In Kabul, he will need to find out how the Taliban was able to regroup so much strength in Pakistan without any warning from Islamabad, how its fighting forces could seize such large tracts of territory in western Afghanistan and how the major battles against Afghan government and US forces escalating in the last two weeks developed. Units of the deposed Taliban regime will be found to have thrust to within 100 miles north and east of Kabul.


No one in Washington entertains the illusion that longwinded Security Council debates will generate an instant supply of troops and funds to bolster US efforts in Iraq.


At UN headquarters, on Thursday, September 4, the secretary of state produced the first tortuous locution of his mission:


“The United States will be in command of a unified US-UN command and there will be an element in the resolution that calls upon the US as head of the military coalition to report on a regular basis to the United Nations.”


This kicked off discussions that will drag on for months – possibly up to the spring of 2004 – whose outcome is far from clear. There is no knowing how many Council members will back an agreed draft or how many are willing or capable of deploying enough high profile combat forces for Iraq.


Of the five permanent members, the only two with armies large enough to detach substantial strength are Russia and China. French military chiefs would welcome an invitation to deploy a small force in Baghdad for purposes of intelligence and a boost for French prestige. This eagerness is not shared by the Elysee Palace. Jacques Chirac and Gerhard Schroeder were quick on Thursday, September 4, to reject the Powell plan.
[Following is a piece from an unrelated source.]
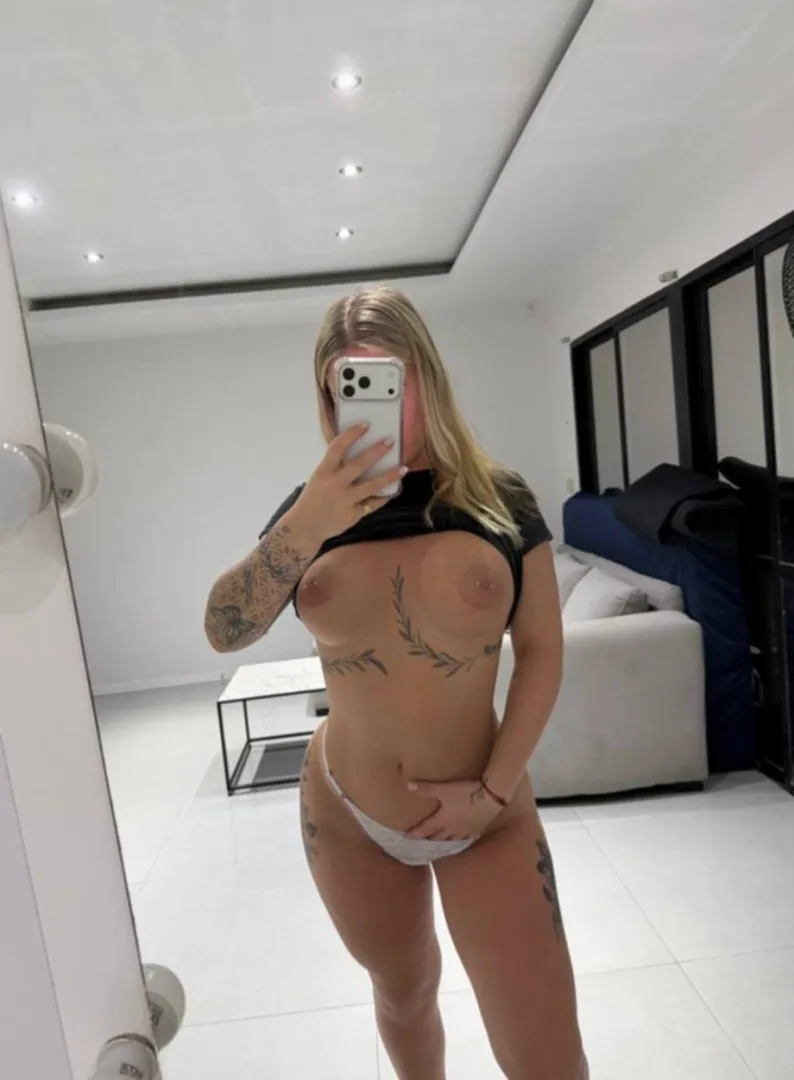 Would you risk it with a married wife? posted by FreakyyySluuut62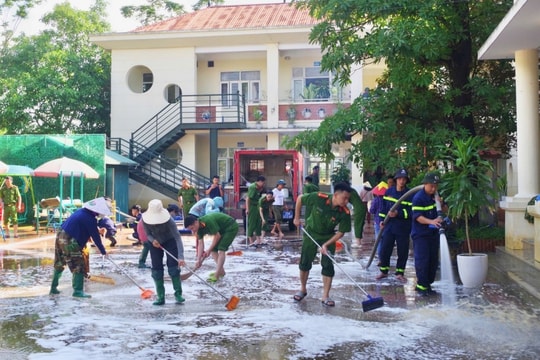 Công an xã Xuân Mai chung sức cùng Nhân dân khắc phục hậu quả mưa lũ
The Russian defense minister, Sergei Ivanov, sounded a lot more promising. He said on Thursday that Russia might consider providing peacekeepers for Iraq under a UN aegis providing the wording of the resolution was right. Moscow will most certainly pose stiff conditions for its troops, such as the allocation of a well-defined region as its responsibility and a role at least equal to that of the British in the southern region of Iraq. Ivanov has already stressed that his men would be under UN not a US aegis. US diplomats are toying with a formula that would grant direct command of the Russian force to the Russian army’s representative on a joint US-UN command – if and when such a body is eventually set up.


China would be delighted to be offered a military foothold in the Middle East, but would want to take up a presence around Persian Gulf shores rather than the Iraqi interior. Therefore, Beijing may insist on any contribution to the multinational force taking the form of naval units or air patrols – not exactly the sort of assistance the Americans seek for combating guerrilla fighters. Furthermore, the Chinese would not accept American or other foreign command over their forces.


A potential Russian and Chinese input for a force in Iraq would be further complicated by their deep involvement in Tehran’s prohibited nuclear program. The Bush administration hopes before the end of the month to lift the Iranian nuclear weapons issue out of the hands of the International Atomic Energy Agency board in Vienna and place it before the Security Council which is empowered to impose sanctions on nuclear miscreants. The Iraq and Iran debates running in parallel in the Security Council could result in a serious tangling of wires.